Vietnam is one of only two communist countries--the Democratic People's Republic of Korea (North Korea) is the other- -to default on its international debts. Vietnam's scheduled 1982 payments to Western creditors were estimated at US$260 million, well over the US$182 million value of Vietnam's exports that year to noncommunist countries with hard, or convertible, currencies. The Soviets cancelled some US$450 million of Vietnam's debts in 1975 and began a program of grant aid. As Vietnam-Comecon trade expanded in the 1980s, however, so did Vietnamese debts to Comecon countries. Comecon funds for project assistance and related equipment often were wasted because of mismanagement or remained frozen for years in projects not scheduled to become productive until the middle or late 1980s. Projected exports frequently fell short of expectations, widening trade deficits and requiring additional balance-of-payments aid. Taking the long view, the Soviet Union shifted its assistance during the Third Five-Year Plan to concessionary loans, repayable at 2 percent interest over a period of 20 to 30 years.

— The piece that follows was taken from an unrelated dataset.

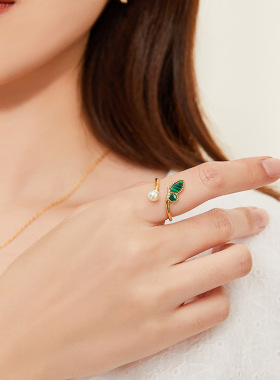 不规则开口戒指女ins几何型微镶孔雀石时尚气质潮手饰戒指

As Vietnam's international debt grew steadily through the 1980s, the debt owed to the Soviet Union and other Comecon countries accounted for larger portions of the total foreign debt. In 1982, according to estimates by the Organization for Economic Cooperation and Development (OECD), Vietnam's total foreign debt was US$2.8 billion. Of this debt, US$1.7 billion, or 60 percent, was owed to OECD member countries (advanced industrial Western countries) and their capital markets or to multilateral lenders. A large portion of Vietnam's international debt covered the balance of payments deficit with Comecon countries (see Foreign Economic Assistance , this ch.). In 1987 Le Hoang, deputy director of the State Bank of Vietnam, told a Western correspondent that the country owed between US$5.5 and US$6 billion to Comecon member countries. Hoang stated that Vietnam's debts (both official and private) to hard-currency countries were about US$1 billion.

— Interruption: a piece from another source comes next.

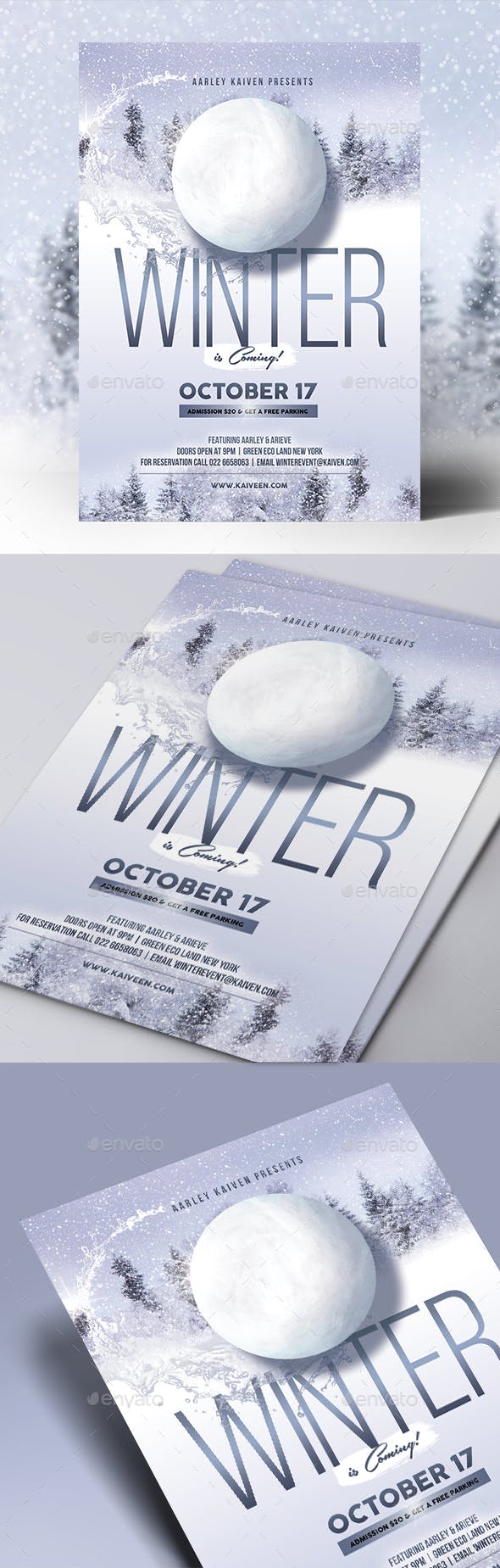 冬季活动宣传海报模板 Winter Event Flyer [psd]插图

Creditors in convertible-currency areas included international organizations such as the IMF and the Asian Development Bank; national creditors such as Belgium, Denmark, France, India, Japan, and the Netherlands; and private creditors in numerous Western countries. In January 1985, the IMF suspended further credit when Vietnam failed to meet a repayment schedule on the amount owed to the fund. Talks to reschedule this obligation again failed in 1987, making Vietnam ineligible for fresh funding. In 1987 Vietnam owed the fund some US$90 million. Its foreign exchange reserves in 1985 had been estimated at less than US$20 million.